Offer, the industry regulator, is introducing a price cap to save pounds 300m over four years for users of the grid, including generators, large businesses and the 12 regional electricity companies. The change was greeted with relief in the City after predictions of a much more onerous regime.
In a separate move the National Grid Company said it would change the way it charges generators to encourage them to locate in the South. In northern areas, where there is too much capacity, charges for those using the grid will increase sharply.
In some southern areas the NGC will pay generators to reflect its savings from not having to move electricity around the country to meet demand. The changes are part of a package that must fit inside the new cap.
Offer's price cap, set for four years from April 1993, is inflation minus 3 percentage points.

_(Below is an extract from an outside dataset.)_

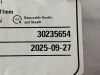 BOSTON SCIENTIFIC Lot of 3 Gemini  M0063301100   Exp.2025-09  (AA16) Gemini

The NGC has until now been able to increase charges to inflation for those using its system.
Professor Stephen Littlechild, director-general of Offer, said that if the NGC failed to agree the change it would be referred to the Monopolies and Mergers Commission. He added: 'I believe I have set a tough but realistic target. This new control will help keep electricity prices down and will properly balance the interests of customers and shareholders.'
Main beneficiaries will be large users of the grid system rather than domestic customers. Transmission accounts for only 7 per cent of the average household bill.
The regional electricity companies, which own the NGC, are likely to see their dividend from the grid reduced as a result of the change. Last year the NGC made a profit before tax of pounds 314.5m on a current cost basis and paid pounds 117m in dividends to the regional companies. City analysts said, however, that the NGC would still be able to increase its dividend in real terms over the four years.
Professor Littlechild said he believed the NGC could cut operating costs by 5 per cent a year rather than the company's stated aim of 3 per cent. A low-risk business required a low cost of capital, and the NGC should cut capital expenditure by keen purchasing.
At the same time Offer is abolishing the way in which prices are set by predicting inflation. This has prompted customer complaints over price volatility and uncertainty. Professor Littlechild said that in future prices would be set according to historic inflation averaged over six months. He indicated the same approach might be taken with the regional supply companies.